Consider the following problem (Exercise 2.71 in Curves and Surfaces, 2nd Edition, by Montiel and Ros):
Let $S$ be a surface and let $R$ be a straight line of $\mathbb{R}^3$. Prove that if $S$ is compact, then there is a point of $S$ whose normal line intersects $R$ perpendicularly.
My attempt of solution:
Let $R = \{ta + p_0 \in \mathbb{R}^3 \ ; \ t \in \mathbb{R} \}$, with $|a| = 1$, and consider
$$
h(p) = |p-p_0|^2 – \langle p – p_0, a \rangle^2
$$
be the square of the distance between $p \in S$ and $R$. Since $h$ is continous and $S$ is compact, we know that $h$ attains an extremum and hence has a critical point. Let $p$ be the critical point. Then, for every $v \in T_pS$ we know that
$$
(dh)_p(v) = 0 \implies \langle v, p-p_0 \rangle = \langle p – p_0, a \rangle \langle v, a \rangle.
$$
Note that from this it follows that $a \in T_pS$. Hence $R$ is parallel to $T_pS$.

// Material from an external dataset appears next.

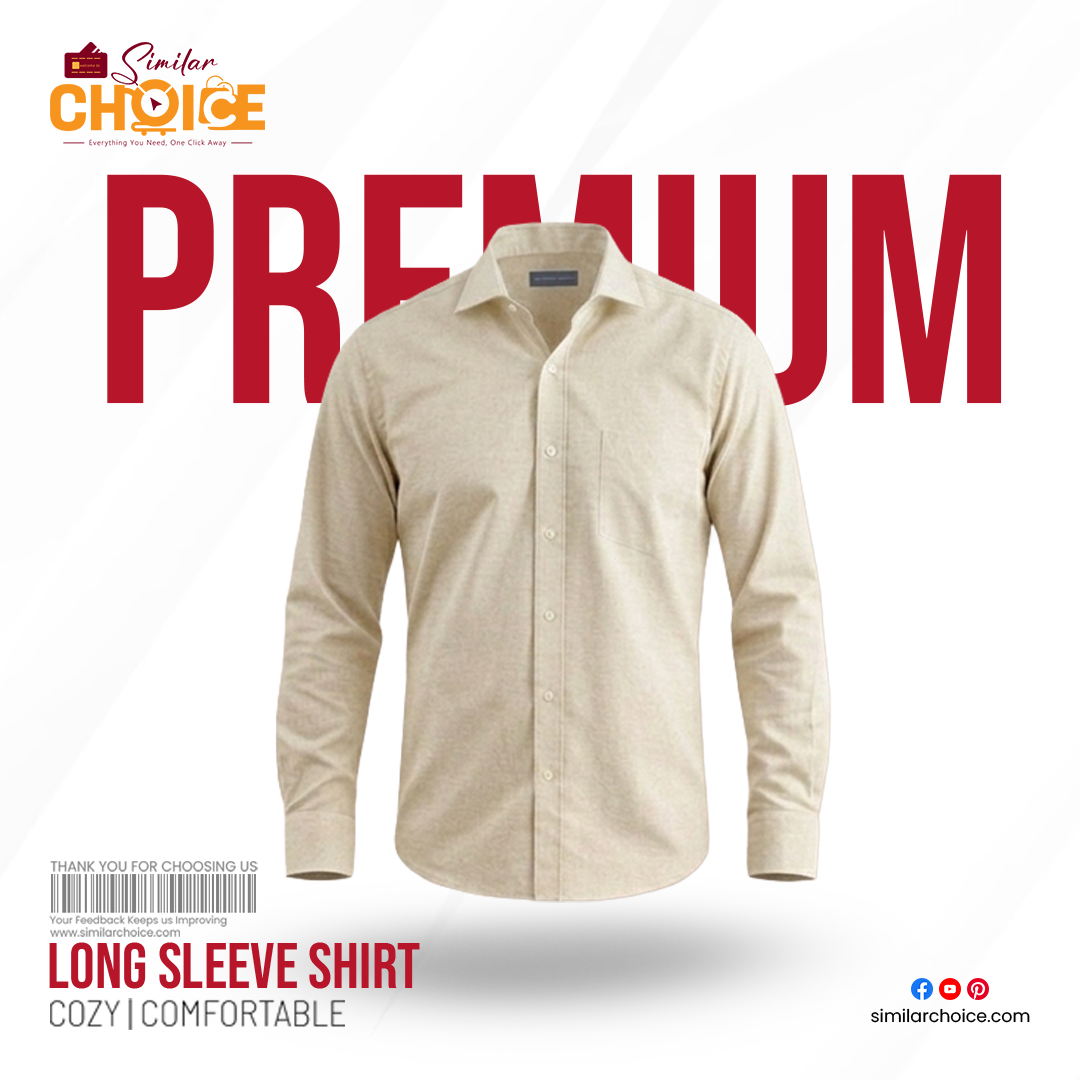 Men's Essential Premium Full Sleeve Shirt - Off-White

At this point I am stuck. Any hints will be the most appreciated. Thanks in advance.
Best Answer
I'm not sure how you concluded that $a\in T_pS$. Here's how I did: I noted that $h(p)$ does not depend on the choice of $p_0$, so we can after the fact choose $p_0$ to be the point on the line closest to our minimizing $p$, so that $\langle p-p_0,a\rangle =0$. Then you're done.